Repeat exactly, and nothing more, the lines from the one that includes "pantera negra sticker" through the final line of the entries; skip the pictures.

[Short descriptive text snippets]
-------------------------

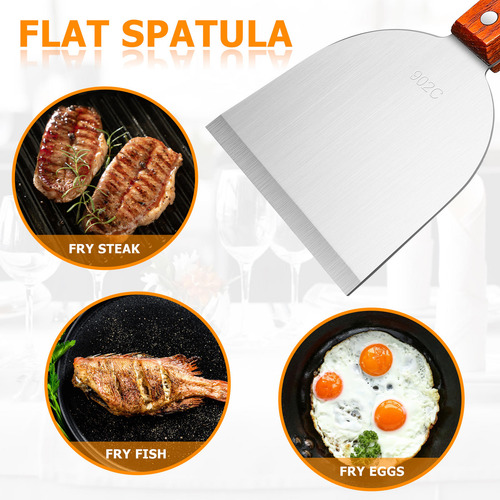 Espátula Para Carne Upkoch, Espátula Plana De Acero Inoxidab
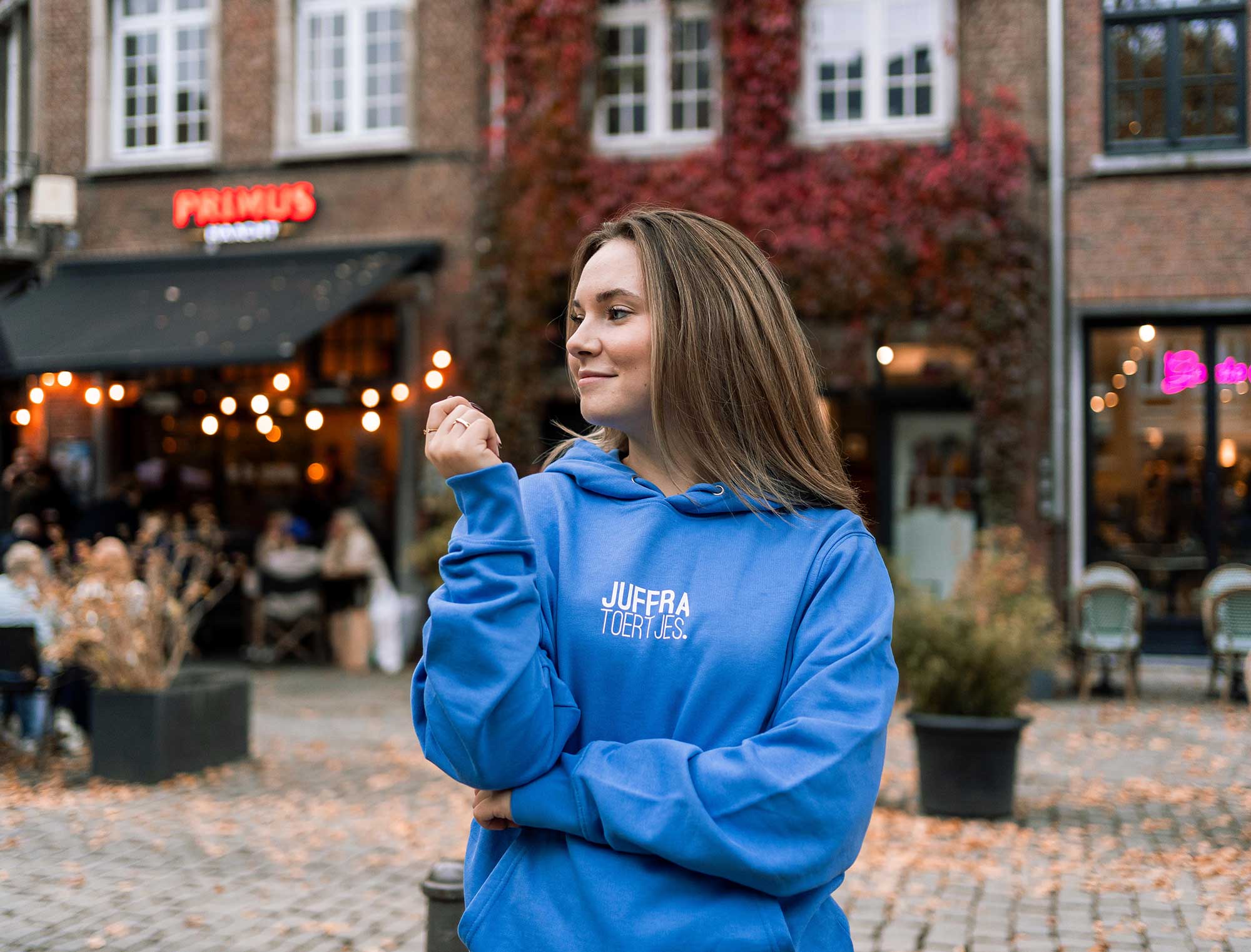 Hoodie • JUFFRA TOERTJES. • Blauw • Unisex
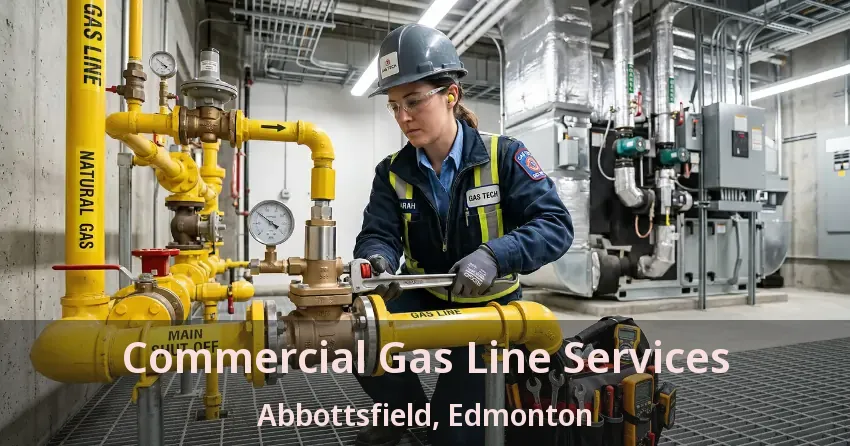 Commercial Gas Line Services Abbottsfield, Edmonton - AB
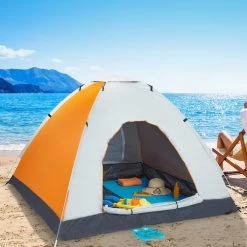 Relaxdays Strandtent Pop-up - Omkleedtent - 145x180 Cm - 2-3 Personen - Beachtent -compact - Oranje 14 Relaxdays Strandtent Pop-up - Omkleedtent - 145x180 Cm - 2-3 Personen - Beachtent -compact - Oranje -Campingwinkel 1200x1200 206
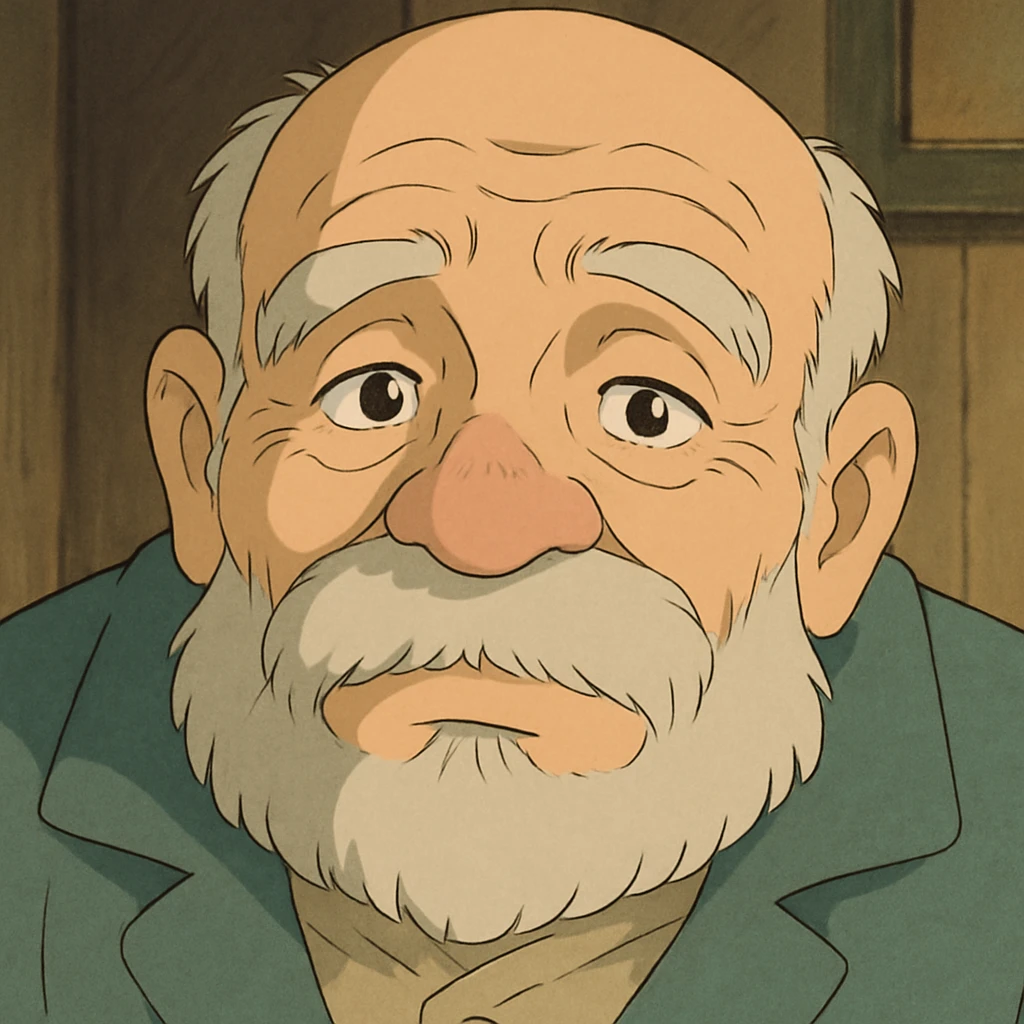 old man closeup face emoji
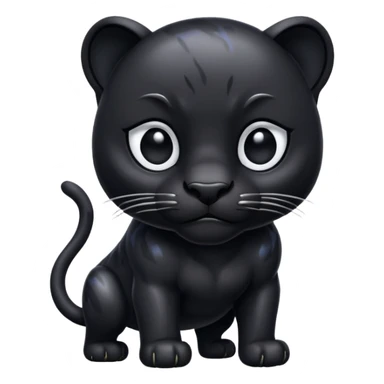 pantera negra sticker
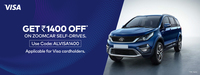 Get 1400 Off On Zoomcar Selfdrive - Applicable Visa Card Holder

-------------------------

§ **Task answer**
 pantera negra sticker
 Get 1400 Off On Zoomcar Selfdrive - Applicable Visa Card Holder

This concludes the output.